When you’re starting up a small business and venturing out on your own, finding the additional funds for external marketing and PR services is often not an option, yet there are some simple steps you can take yourself to make sure that your company is well-perceived in the public eye:
One thing you will need to invest in is a good, strong logo. There are many independent graphic designers around that don’t charge a fortune and do a great job – check out Freelancer or Fiverr. Make sure you give them a good brief. This means you need to take the time to really think about the personality of your business and what you are trying to portray. Consider your competitors and how they present themselves and your point of difference. The colours and logo style will then form the basis of everything you do from social media, letterheads, brochures, flyers, advertising and EDM so it pays to get it right the first time.

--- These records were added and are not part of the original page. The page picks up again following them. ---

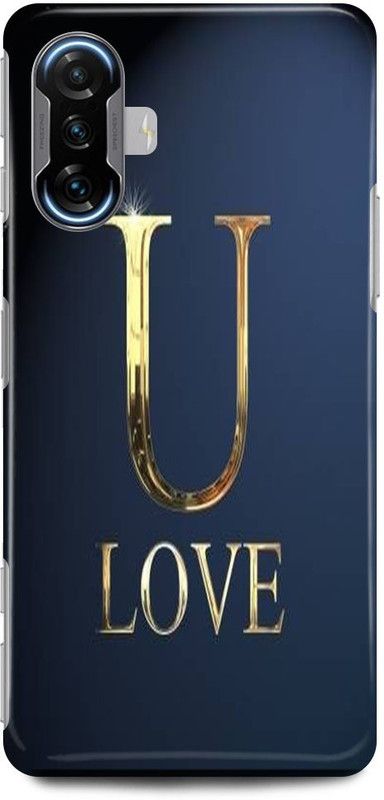 FUGGA Back Cover for POCO F3 GT , U, LETTER, ALPHABET, LOVE, U, NAME  (Gold, Hard Case, Pack of: 1)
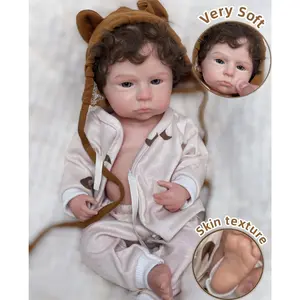 13Inch/33cm Adorable Silicone Reborn Baby Boy Doll Cameron With Open Eyes Handmade Painted Detailed Skin Full Body Soft Solid Silicone Neborn Baby Dolls with Rooted Hair for Baby's Companion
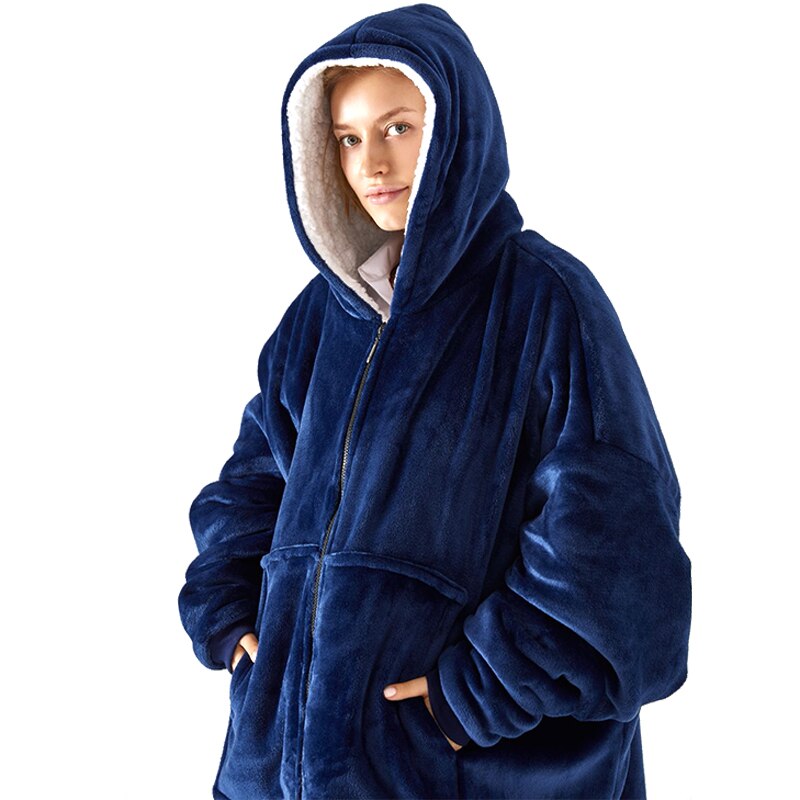 Oversized Blanket Hoodie - Zip Front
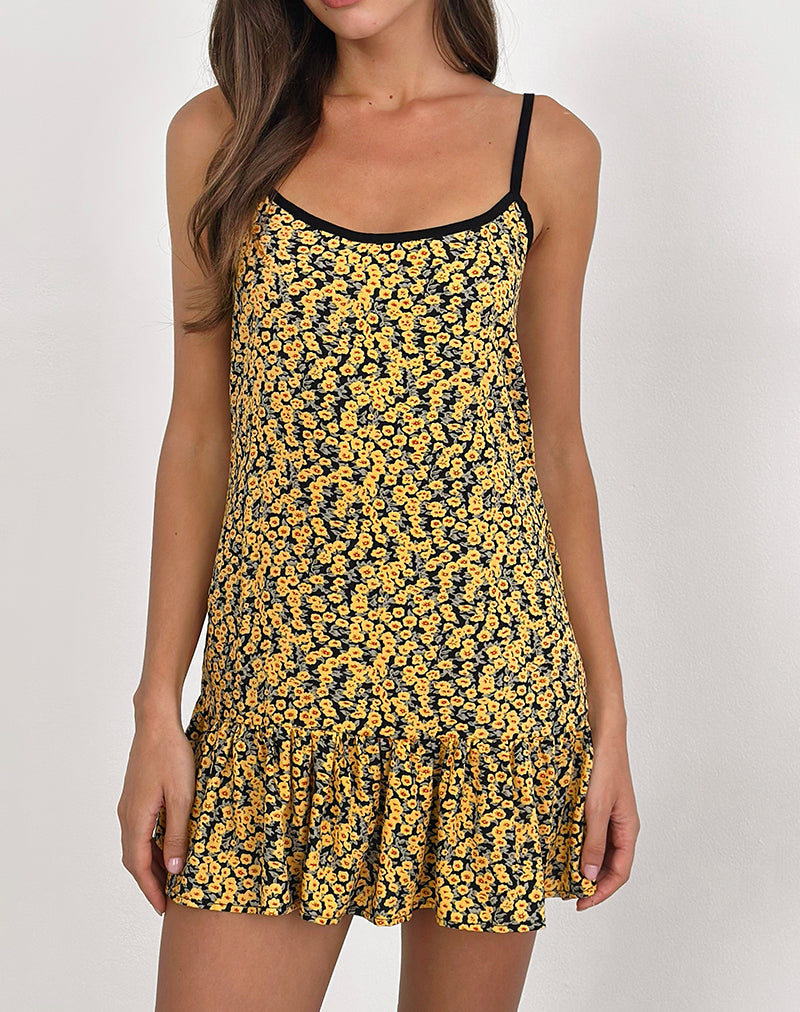 Marige Roundneck Mini Dress in Mini Bloom Yellow-Nico Sky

Many startups begin working from home, after all, a swanky office takes time to build up to as it can be a big overhead. However, if you need to look bigger than you are, or if you need to have meetings and training sessions occasionally, then having a virtual office can be a great option. With Anytime Offices’ address and mail package, you can have a business address to use on your business cards, website or even on google maps. You can have your mail collected and forwarded and you have up to four free hours of meeting room/office access each month. Anytime Offices Virtual Office packages start from $50 per month. This is a great low-cost option that helps you register your business address with ASIC and keeps your home address private.

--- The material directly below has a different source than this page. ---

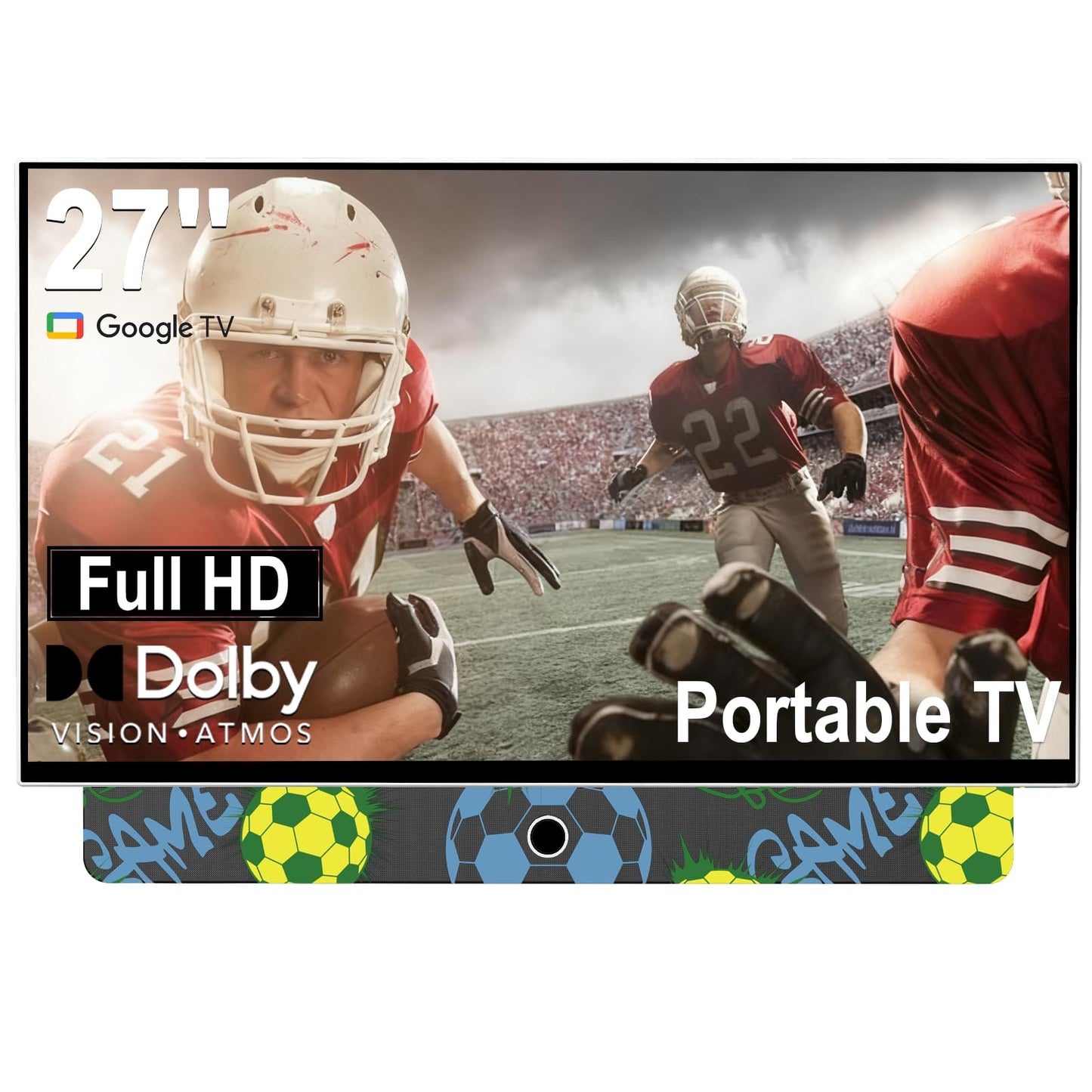 27 Inch Portable Smart TV with Built-in Battery, 1080P FHD Outdoor TV for RV & Camping, HDR10, Dolby Audio, WiFi, Voice Remote, Portable TV for Travel, Bedroom, Game Day & Outdoor Entertainment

You can pay thousands of dollars on a fancy website, or you can hop onto Squarespace or Wix and do it yourself for around $500-600. You can choose your own images or register with Shutterstock and browse through their library to choose the images you want. Other digital content, templates, graphics or even music are available in my personal favorite, Envato.

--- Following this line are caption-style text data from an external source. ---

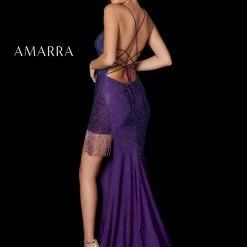 In Stock Amarra 87264 Size 0 Long Fitted Side Slit Fringe Prom Dress Formal Backless Gown
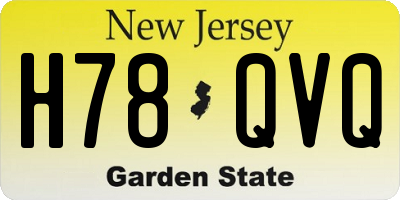 NJ license plate H78QVQ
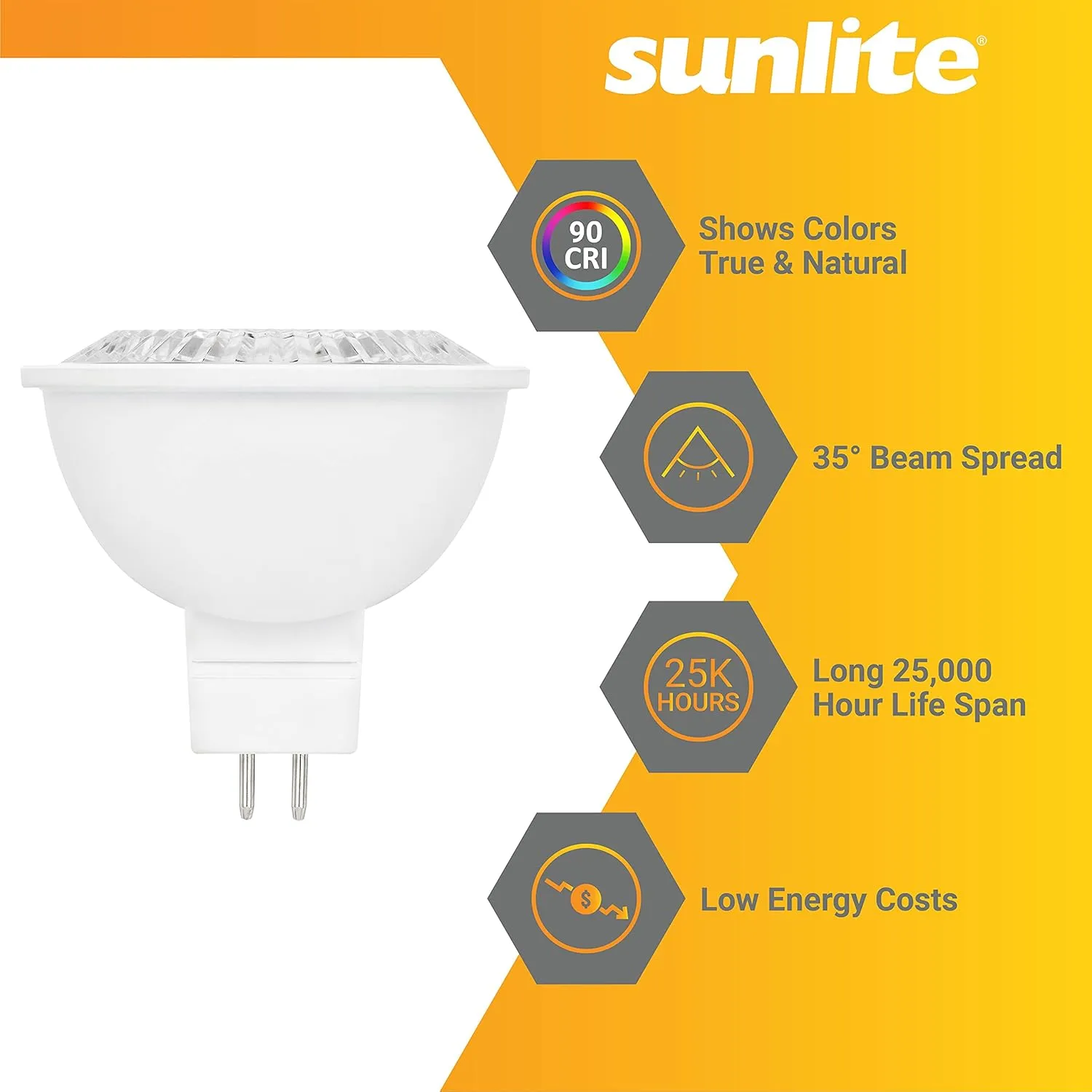 Sunlite LED MR16 Reflector Spotlight Bulb, 7 Watts (50W Equivalent) 12V, 500 Lumens, 90 CRI, GU5.3 Bi-Pin Base, Dimmable, Title-20 Compliant, UL Listed, 2700K Soft White, 6 Pack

If you’re a bit of a wordsmith then writing your corporate blurb for your website and printed materials may come easily to you. A word of advice though – make sure you get someone else and then someone else again to proof-read your work before it goes live or gets printed. Even after 25 years working in PR, I have seen mistakes slip through because you get so close to a piece of work, you lose perspective. Always have someone else check for grammatical errors and spelling. If writing isn’t your thing, then pay a copywriter to do it for you. They will write in your chosen ‘tone of voice’ that suits your company personality to help your website sing. They can also offer advice on your website flow so it’s easy to navigate.
These days, if you’re not on social, you’re not ‘on’ at all. The world of social media is changing rapidly and it pays to keep abreast of what’s happening so you can ensure your time and resources are well spent. Recent changes to Facebook, for example, are making it harder for businesses to grow their presence. Even with a strong ad spend and many businesses are switching to Instagram. Whichever way you go, make sure you check out what your competitors are doing on social – and make a plan to do it better. You can’t go past great content because this can put you ahead of the rest and can also increase your SEO ranking with Google. This in turn, can benefit your business by driving traffic to your website.